What are you talking about?
What about Suze?
She should see what it's like
when her cave doesn't have any fire.
But I'm not the cavewoman.
I am still the man.
Let's just go.
[chattering]
- You're getting married!
- Hi! Hi!
- Hey, angel, I'm so sorry I'm late.
- That's okay. I don't care.
- How do I look? That's what I care about.
- How do you look? You look so beautiful.
- Really?
- Incredible.
- Like slutty first Holy Communion, right?
- Yes. Exactly.
- Is that Golf Guy?
- No. This is Charlie, from work.
- Hi, Charlie from work. Nice to meet you.

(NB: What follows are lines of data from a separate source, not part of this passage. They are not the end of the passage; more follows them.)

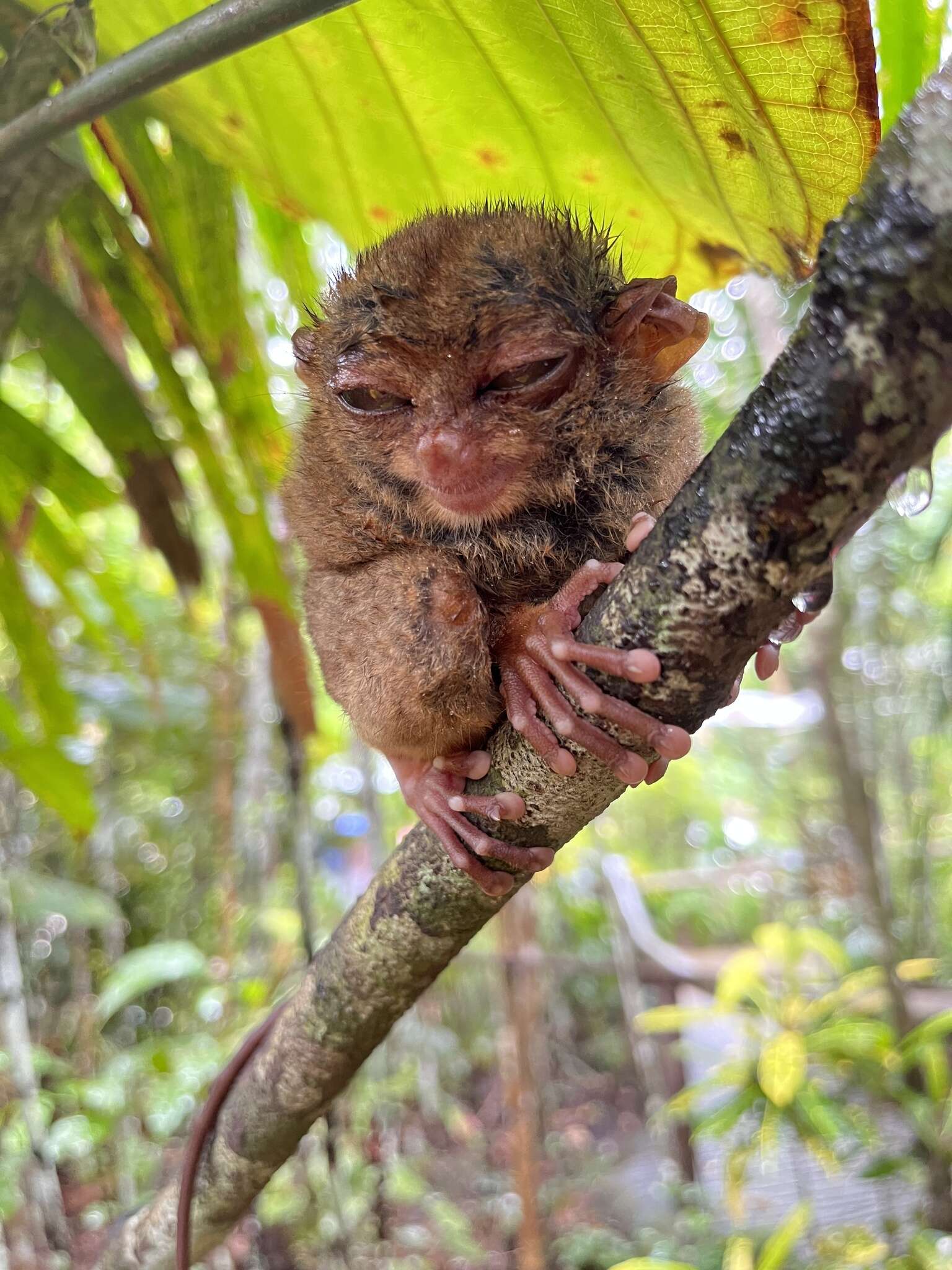 Image of Philippine tarsier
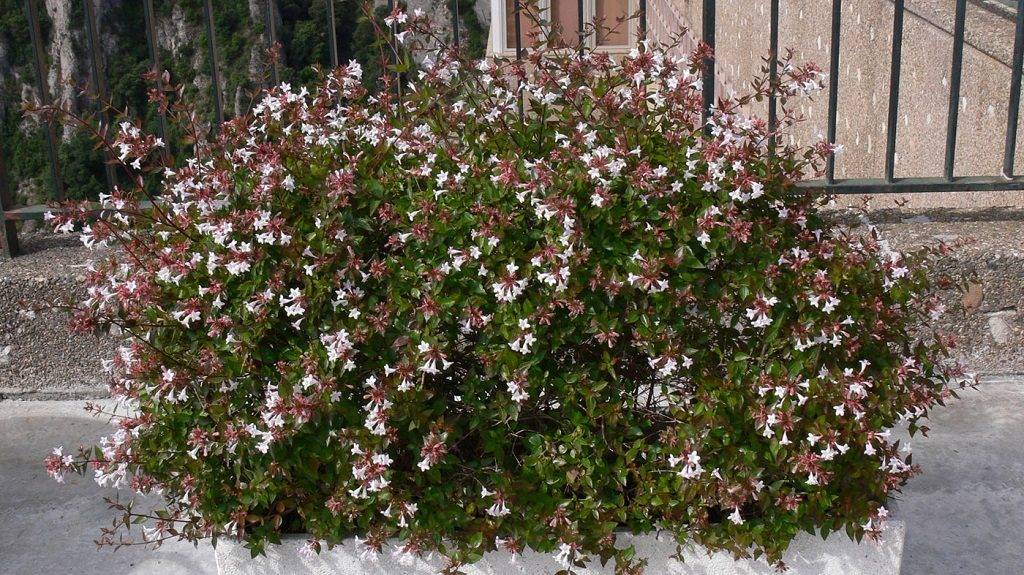 Абелия (Abelia) – уход, фото, виды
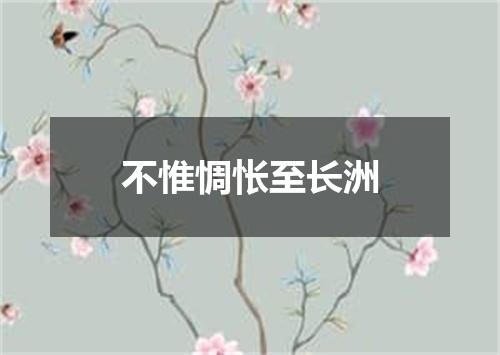 不惟惆怅至长洲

[Looking Glass's "Brandy" playing]
There's a port on a western bay
And it serves a hundred ships a day
[glass clinking]
So, as most of you know,
I have, um, dated a lot of guys.
[all chuckle]
- Hear, hear. That's my girl.
- I've liked a lot of things about them.
Like, yeah. And then I met Mike over here,
and there was a lot to not like about him.
[all laughing]
He, um, dresses like a stepdad,
as you can see.
- He listens to Creed.
- Just their old stuff.
- Non-ironically.
- Okay, but they are good.
Every single time he hears a siren,
he goes, "That's my ride."
This is super fun for me, by the way.
And yet...
Oh, man, I'm completely
and totally in love with him.
When I was little, my grandmother,
she used to say:
"You like because, and you love despite."
You like someone
because of all of their qualities,
and you love someone
despite some of their qualities.
Mikey... [giggles]
I like you almost as much as I love you,
and I can't wait to marry you.
[guests murmuring]
[all cheering]
Okay, sorry. Get drunk
so I have fun stories to tell.
[Harper] Wow, all the way to the top.
[Charlie] I don't think
we need new shot glasses.
Thank you.
- Okay.
- All right.
- Okay, to the last penis of my life.